Том 3. Слаще яда - Сологуб Федор Кузьмич "Тетерников" 9 стр.


Однажды ночью графиня надела бедные и грубые одежды, закрыла свое лицо плащом, и пошла к чародею босая, чтобы смирением заслужить себе милость таинственной силы, а также и для того, чтобы вернее скрыть свое высокое звание. Но на поясе у неё висел тяжелый кошелек с золотом.

Веял бурный и холодный ветер прямо в лицо трепещущей Эдвиге, яростно рвал её одежды, и затруднял её шаги. Потоки дождя стремительно низвергались с омраченного неба. С треском и грохотом падали порою поперек дороги громадные деревья, сокрушенные беснованием свирепой бури.

Вся измокшая, дрожащая от страха и холода, с ногами, исцарапанными, испачканными в мокрой глине, пришла молодая, прекрасная Эдвига в мрачное логовище чародея. Неприветливы были закоптелые от дыма волхвований стены хижины, и, наводя жуткий на Эдвигу страх, сверкали зеленые глаза громадного кота.

Старик, длинный, тощий, седобородый, с пронзительным взором, спросил Эдвигу:

— Для чего, милостивая госпожа, ты пришла в такую страшную и не для одной тебя ночь в это отверженное место, оставив гордый замок и теплое ложе, и не убоявшись бешенства разъяренной бури?

— Я не госпожа, — сказала Эдвига, — я простая женщина. Я принесла тебе мое тяжкое горе, чтобы ты своими проклятыми чарами обратил его в радость, за что я заплачу тебе так много, как только могу.
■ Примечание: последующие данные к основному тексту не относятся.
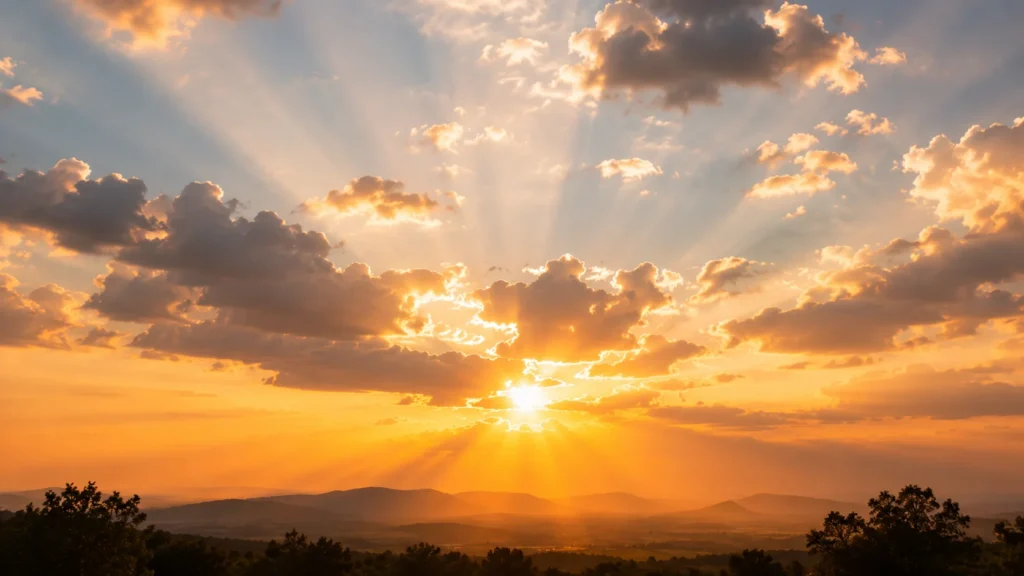 [Imagem: céu iluminado ao entardecer com raios de sol atravessando nuvens suaves]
— Милостивая госпожа, — ответишь чародей, — ночь темна, буря воет, — но давно сияли для меня следы твоих прелестных ног, и слышал я шорох твоих шагов уже от самых ворот старого замка. Ибо, хотя эта хижина бедна убранством, обитают в ней величия волшебства и неодолимые чары, и незримые вам, непосвященным в тайну, но усердные слуги неустанно охраняют все пути к ней. Скажи мне, милостивая госпожа, чего ты от меня желаешь.

Засмеялась лукавая Эдвига, и сказала:

— Вижу я, что бесполезно мне от тебя скрываться, но, может быть, и желания мои ты сам знаешь, так что и говорить их не надо.

Страшная улыбка, похожая на то, как бы мертвец улыбнулся, искривила иссохшиеся чародеевы губы, и он сказал:

— Милостивая госпожа, не довольно хотеть; не любит моя наука немого очарования. Если хочешь, скажи, чего хочешь, — если не хочешь, иди с миром, я же могу тебе дать только то, чего ты попросишь у меня словами, ибо иначе я мог бы дать тебе слишком много. Темны и многочисленны желания человеческие, самому человеку они не ведомы все, — мои же слуги видят глубоко, в самых тайных изгибах души, и, не оградись только от их усердия пределами слов, они задушат чрезмерностью исполнения.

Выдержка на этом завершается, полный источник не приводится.